The records below hold a stretch from the line with "Canon Legria HF" through the line with "Used Audi Q3"; return exactly those lines, ends included, and nothing more.

-------- GIVEN ENTRIES --------

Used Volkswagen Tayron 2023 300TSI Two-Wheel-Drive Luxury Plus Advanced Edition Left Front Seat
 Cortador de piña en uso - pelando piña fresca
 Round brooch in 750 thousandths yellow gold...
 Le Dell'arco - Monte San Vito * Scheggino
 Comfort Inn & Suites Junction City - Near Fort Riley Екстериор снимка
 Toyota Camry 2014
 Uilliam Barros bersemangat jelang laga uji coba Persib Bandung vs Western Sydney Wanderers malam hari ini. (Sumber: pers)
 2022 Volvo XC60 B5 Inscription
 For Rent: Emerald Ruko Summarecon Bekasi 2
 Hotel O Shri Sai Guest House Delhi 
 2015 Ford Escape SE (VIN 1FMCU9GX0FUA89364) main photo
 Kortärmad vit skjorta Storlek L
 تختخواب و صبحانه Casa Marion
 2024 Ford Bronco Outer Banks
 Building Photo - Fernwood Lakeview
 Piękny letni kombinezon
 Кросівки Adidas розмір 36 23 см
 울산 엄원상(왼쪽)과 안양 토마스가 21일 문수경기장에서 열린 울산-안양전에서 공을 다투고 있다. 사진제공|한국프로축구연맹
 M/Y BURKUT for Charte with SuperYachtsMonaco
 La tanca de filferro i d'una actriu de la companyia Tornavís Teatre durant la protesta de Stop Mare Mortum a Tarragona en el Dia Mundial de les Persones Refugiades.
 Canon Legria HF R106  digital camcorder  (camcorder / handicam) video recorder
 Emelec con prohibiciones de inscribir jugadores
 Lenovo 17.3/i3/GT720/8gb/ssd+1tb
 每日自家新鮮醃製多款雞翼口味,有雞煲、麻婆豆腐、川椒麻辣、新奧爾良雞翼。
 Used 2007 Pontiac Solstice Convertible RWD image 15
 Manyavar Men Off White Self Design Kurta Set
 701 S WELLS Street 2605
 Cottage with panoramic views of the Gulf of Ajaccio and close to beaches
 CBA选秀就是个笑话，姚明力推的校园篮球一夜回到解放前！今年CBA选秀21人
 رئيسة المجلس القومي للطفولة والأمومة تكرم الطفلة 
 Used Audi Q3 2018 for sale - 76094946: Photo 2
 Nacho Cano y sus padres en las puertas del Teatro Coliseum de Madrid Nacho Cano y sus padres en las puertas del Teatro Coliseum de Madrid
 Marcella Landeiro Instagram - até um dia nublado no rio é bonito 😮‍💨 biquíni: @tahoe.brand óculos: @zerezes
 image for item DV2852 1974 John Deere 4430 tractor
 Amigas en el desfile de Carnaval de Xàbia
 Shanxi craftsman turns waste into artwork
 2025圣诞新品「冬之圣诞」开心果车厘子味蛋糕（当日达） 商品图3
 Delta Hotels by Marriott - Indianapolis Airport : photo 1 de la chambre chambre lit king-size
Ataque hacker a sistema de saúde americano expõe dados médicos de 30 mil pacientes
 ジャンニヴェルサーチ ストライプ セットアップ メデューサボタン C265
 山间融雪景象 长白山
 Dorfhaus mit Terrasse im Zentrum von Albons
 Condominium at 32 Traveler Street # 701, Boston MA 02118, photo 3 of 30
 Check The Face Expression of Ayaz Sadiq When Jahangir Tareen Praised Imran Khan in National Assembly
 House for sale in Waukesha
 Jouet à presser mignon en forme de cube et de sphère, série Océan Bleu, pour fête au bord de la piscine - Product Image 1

--------

__TASK RESPONSE__
 Canon Legria HF R106  digital camcorder  (camcorder / handicam) video recorder
 Emelec con prohibiciones de inscribir jugadores
 Lenovo 17.3/i3/GT720/8gb/ssd+1tb
 每日自家新鮮醃製多款雞翼口味,有雞煲、麻婆豆腐、川椒麻辣、新奧爾良雞翼。
 Used 2007 Pontiac Solstice Convertible RWD image 15
 Manyavar Men Off White Self Design Kurta Set
 701 S WELLS Street 2605
 Cottage with panoramic views of the Gulf of Ajaccio and close to beaches
 CBA选秀就是个笑话，姚明力推的校园篮球一夜回到解放前！今年CBA选秀21人
 رئيسة المجلس القومي للطفولة والأمومة تكرم الطفلة 
 Used Audi Q3 2018 for sale - 76094946: Photo 2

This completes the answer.